Source information below:
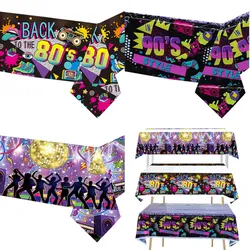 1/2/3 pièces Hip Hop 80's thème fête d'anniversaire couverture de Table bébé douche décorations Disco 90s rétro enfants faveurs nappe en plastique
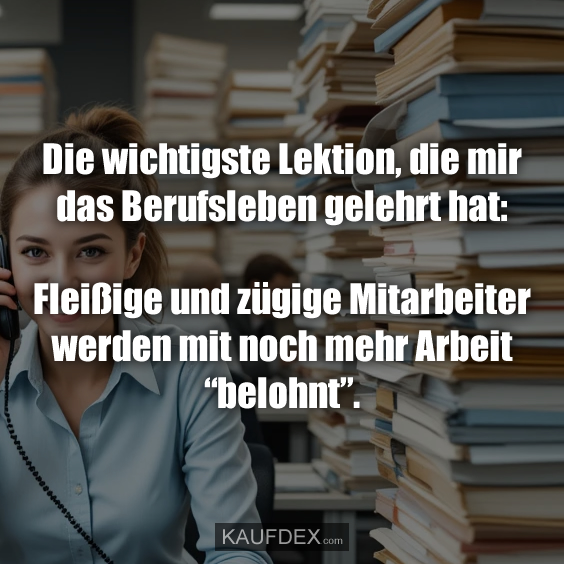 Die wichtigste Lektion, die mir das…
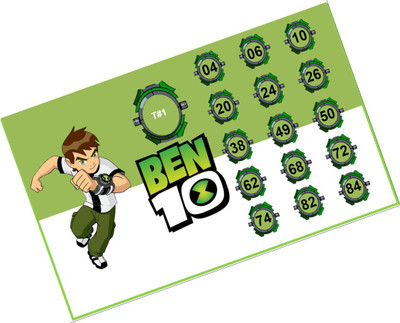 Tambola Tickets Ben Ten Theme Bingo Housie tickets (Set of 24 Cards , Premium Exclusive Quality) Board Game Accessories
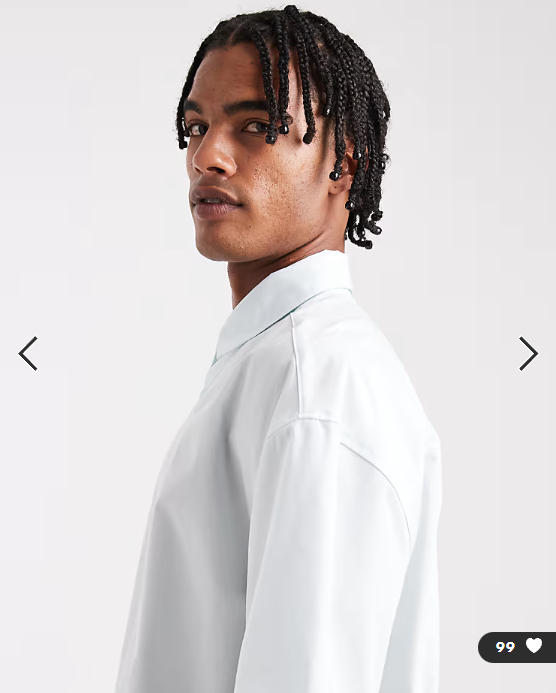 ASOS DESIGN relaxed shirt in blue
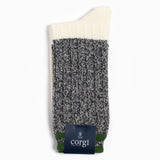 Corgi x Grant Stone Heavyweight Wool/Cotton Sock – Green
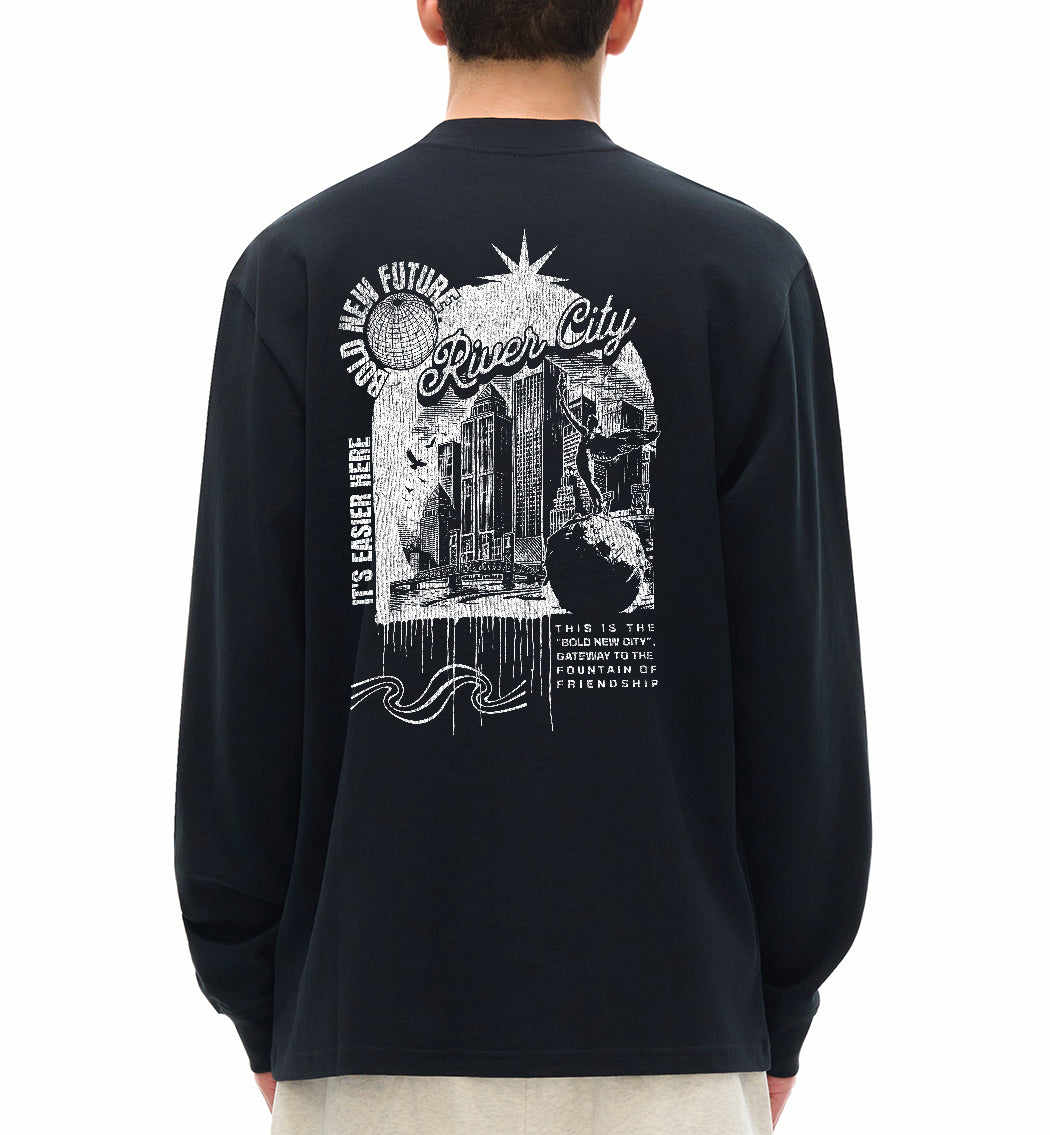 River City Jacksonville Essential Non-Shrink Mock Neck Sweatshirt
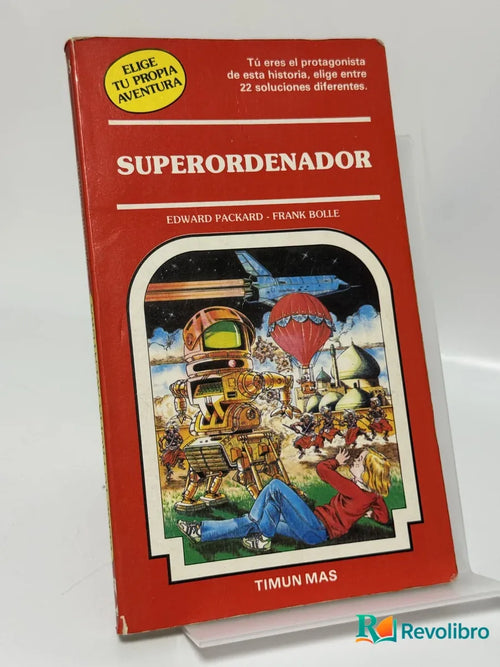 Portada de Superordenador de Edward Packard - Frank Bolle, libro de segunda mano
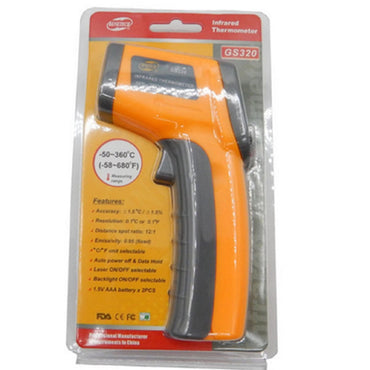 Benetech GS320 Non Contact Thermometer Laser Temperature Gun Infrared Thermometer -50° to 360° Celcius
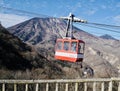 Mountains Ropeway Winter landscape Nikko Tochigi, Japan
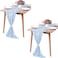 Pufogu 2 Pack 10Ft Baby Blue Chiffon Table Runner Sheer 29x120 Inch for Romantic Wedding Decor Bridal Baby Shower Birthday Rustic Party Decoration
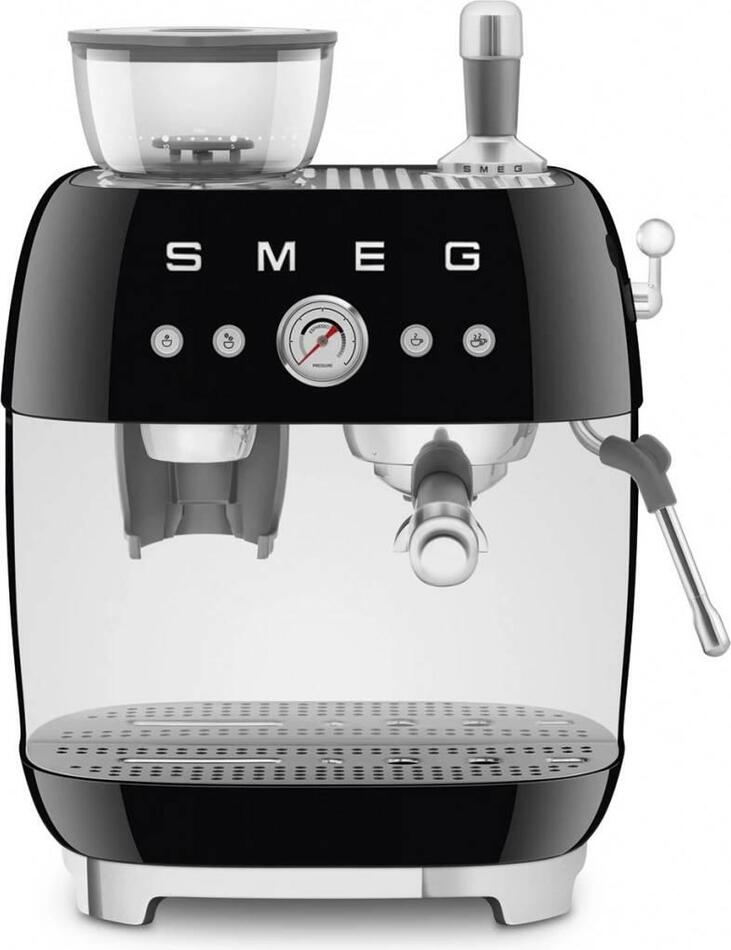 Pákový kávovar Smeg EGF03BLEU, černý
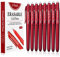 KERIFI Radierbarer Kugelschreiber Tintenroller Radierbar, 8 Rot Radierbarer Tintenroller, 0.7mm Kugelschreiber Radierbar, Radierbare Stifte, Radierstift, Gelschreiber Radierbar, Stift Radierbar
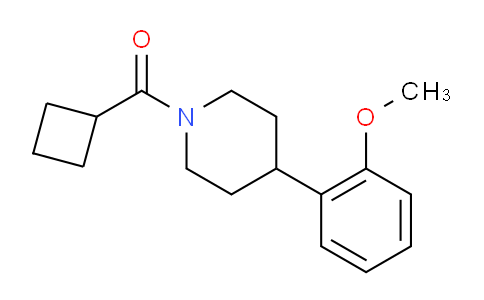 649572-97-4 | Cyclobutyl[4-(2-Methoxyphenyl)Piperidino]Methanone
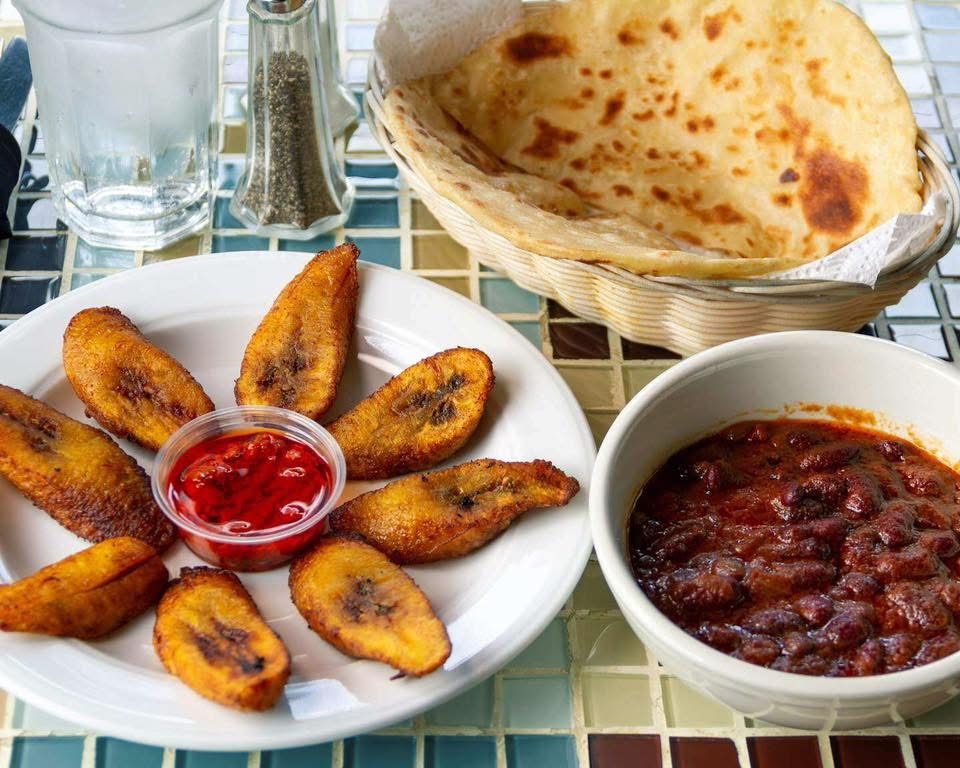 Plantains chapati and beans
End of Source information.
_Problem description_
Please print every record above exactly, but leave the pictures out.

_Task output_
 1/2/3 pièces Hip Hop 80's thème fête d'anniversaire couverture de Table bébé douche décorations Disco 90s rétro enfants faveurs nappe en plastique
 Die wichtigste Lektion, die mir das…
 Tambola Tickets Ben Ten Theme Bingo Housie tickets (Set of 24 Cards , Premium Exclusive Quality) Board Game Accessories
 ASOS DESIGN relaxed shirt in blue
 Corgi x Grant Stone Heavyweight Wool/Cotton Sock – Green
 River City Jacksonville Essential Non-Shrink Mock Neck Sweatshirt
 Portada de Superordenador de Edward Packard - Frank Bolle, libro de segunda mano
 Benetech GS320 Non Contact Thermometer Laser Temperature Gun Infrared Thermometer -50° to 360° Celcius
 Mountains Ropeway Winter landscape Nikko Tochigi, Japan
 Pufogu 2 Pack 10Ft Baby Blue Chiffon Table Runner Sheer 29x120 Inch for Romantic Wedding Decor Bridal Baby Shower Birthday Rustic Party Decoration
 Pákový kávovar Smeg EGF03BLEU, černý
 KERIFI Radierbarer Kugelschreiber Tintenroller Radierbar, 8 Rot Radierbarer Tintenroller, 0.7mm Kugelschreiber Radierbar, Radierbare Stifte, Radierstift, Gelschreiber Radierbar, Stift Radierbar
 649572-97-4 | Cyclobutyl[4-(2-Methoxyphenyl)Piperidino]Methanone
 Plantains chapati and beans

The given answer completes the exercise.